> DIRECTIONS
Take the entries that follow and return only the lines from the one with "Photo Fuchs MHL320" through the final line, leaving every picture behind.

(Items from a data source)
* * * *
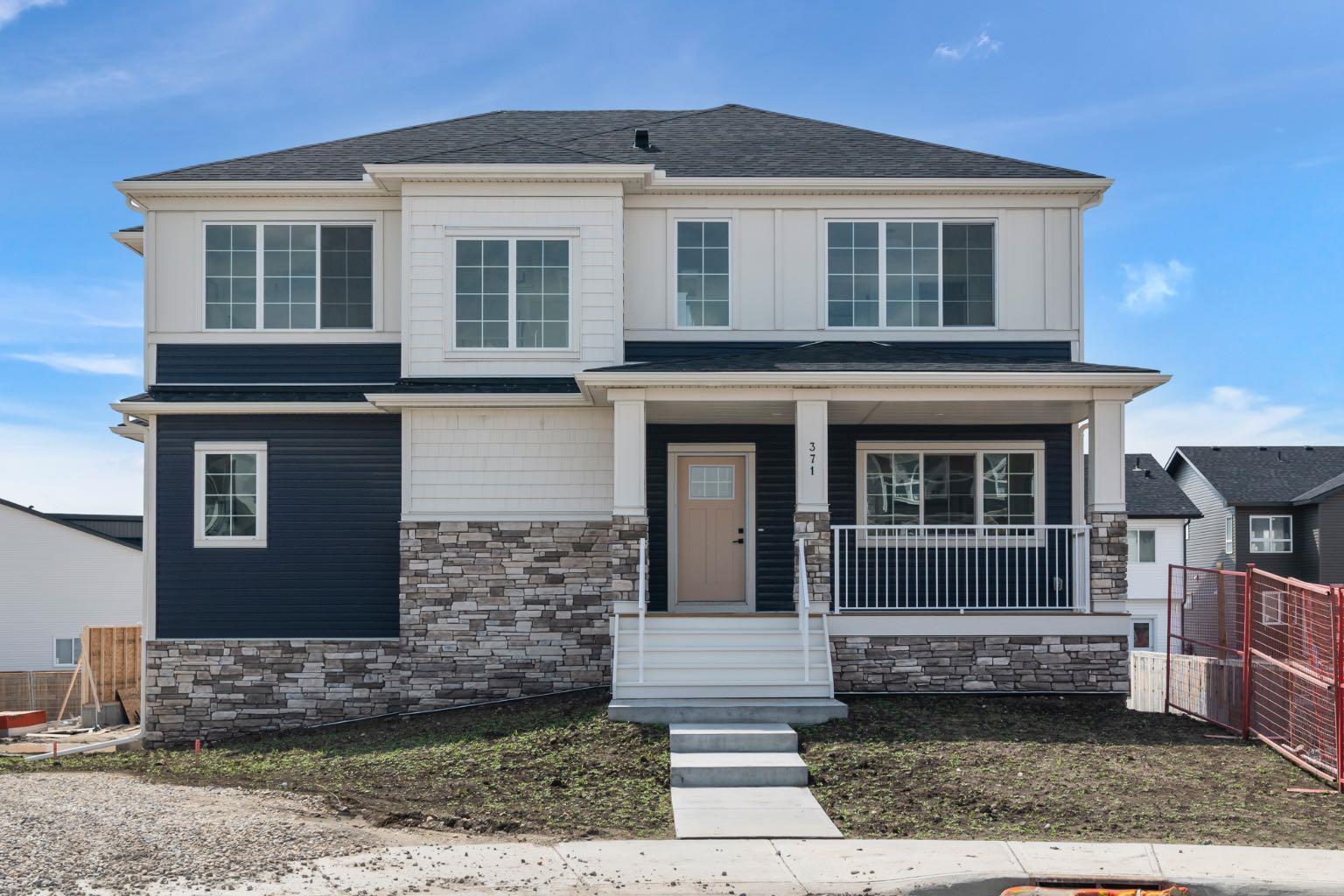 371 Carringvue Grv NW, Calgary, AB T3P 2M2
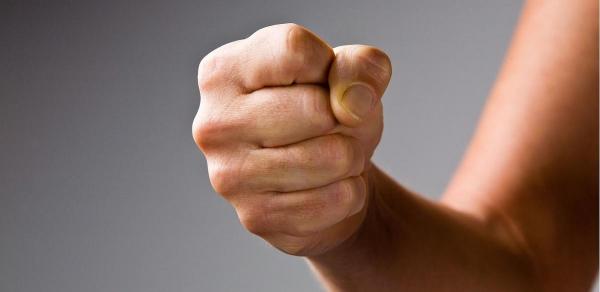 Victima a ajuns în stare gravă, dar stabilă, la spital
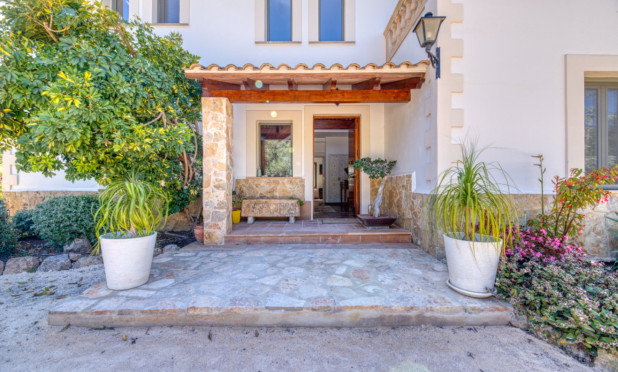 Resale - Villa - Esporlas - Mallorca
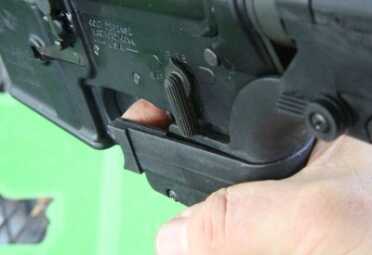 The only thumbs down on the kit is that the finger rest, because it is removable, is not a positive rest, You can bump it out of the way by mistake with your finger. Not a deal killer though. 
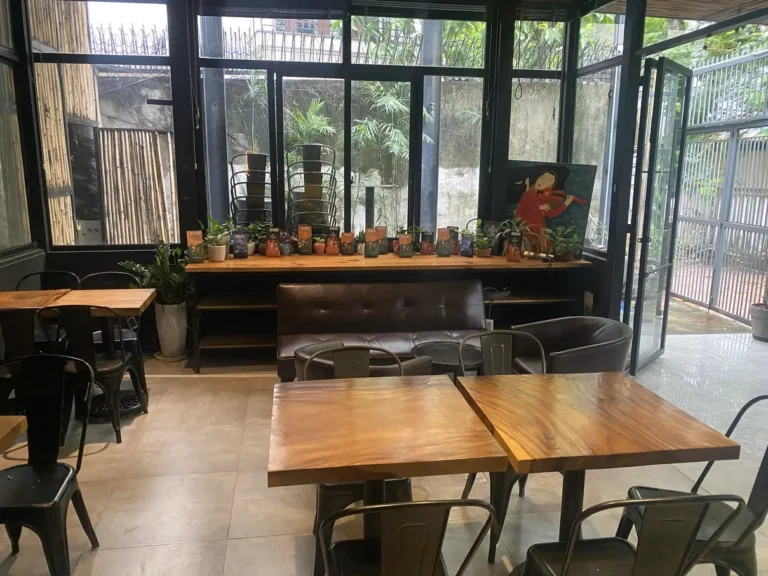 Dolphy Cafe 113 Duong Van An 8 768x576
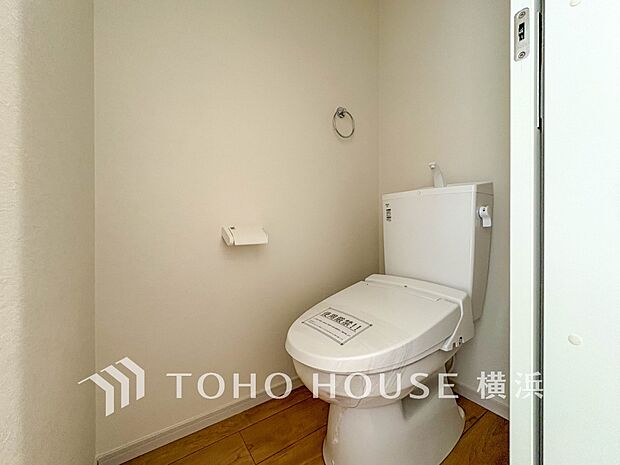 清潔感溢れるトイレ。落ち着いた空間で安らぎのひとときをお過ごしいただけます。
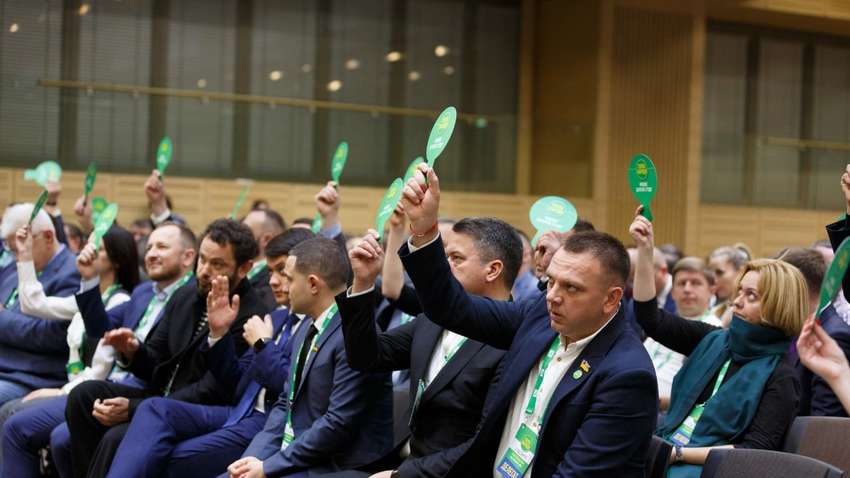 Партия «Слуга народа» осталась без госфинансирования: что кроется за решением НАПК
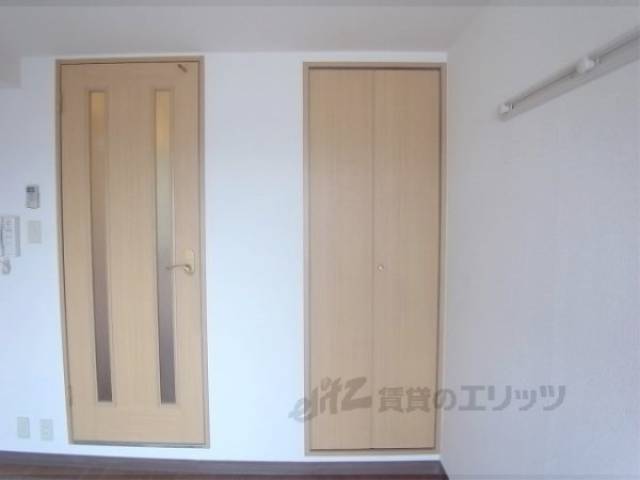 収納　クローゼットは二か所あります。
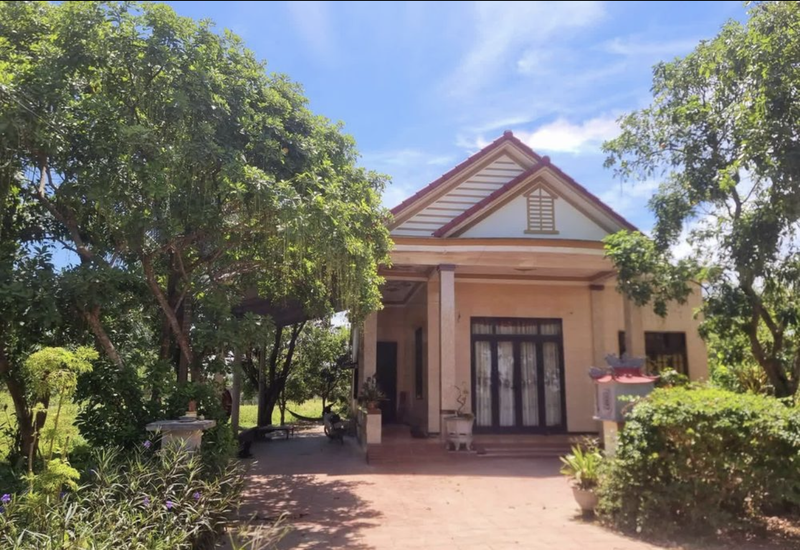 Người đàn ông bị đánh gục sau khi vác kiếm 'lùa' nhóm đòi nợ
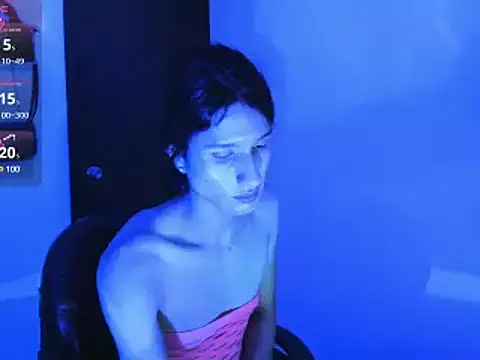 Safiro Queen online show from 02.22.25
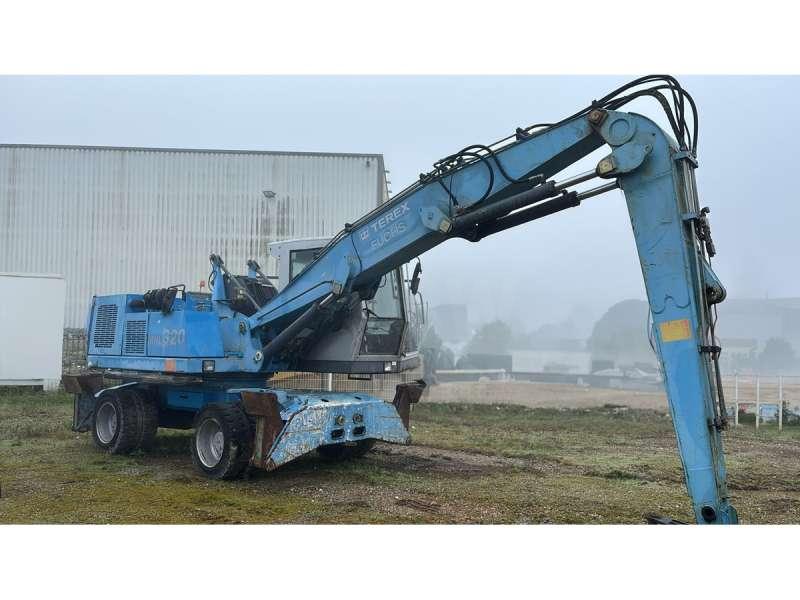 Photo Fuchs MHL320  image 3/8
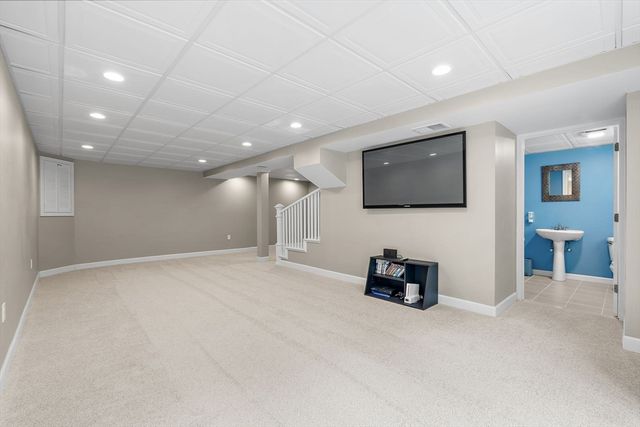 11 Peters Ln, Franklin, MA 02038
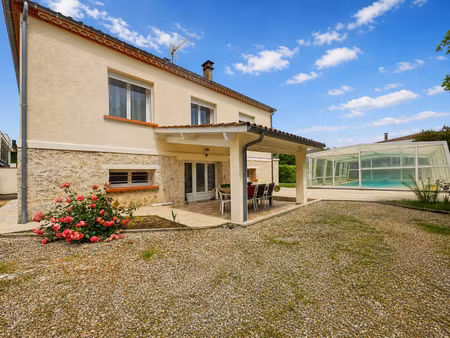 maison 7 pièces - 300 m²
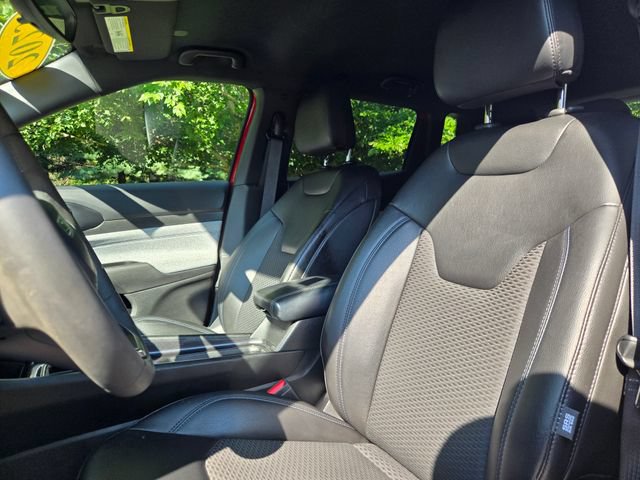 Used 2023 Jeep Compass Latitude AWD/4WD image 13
* * * *
> ANSWER FOR THE TASK
 Photo Fuchs MHL320  image 3/8
 11 Peters Ln, Franklin, MA 02038
 maison 7 pièces - 300 m²
 Used 2023 Jeep Compass Latitude AWD/4WD image 13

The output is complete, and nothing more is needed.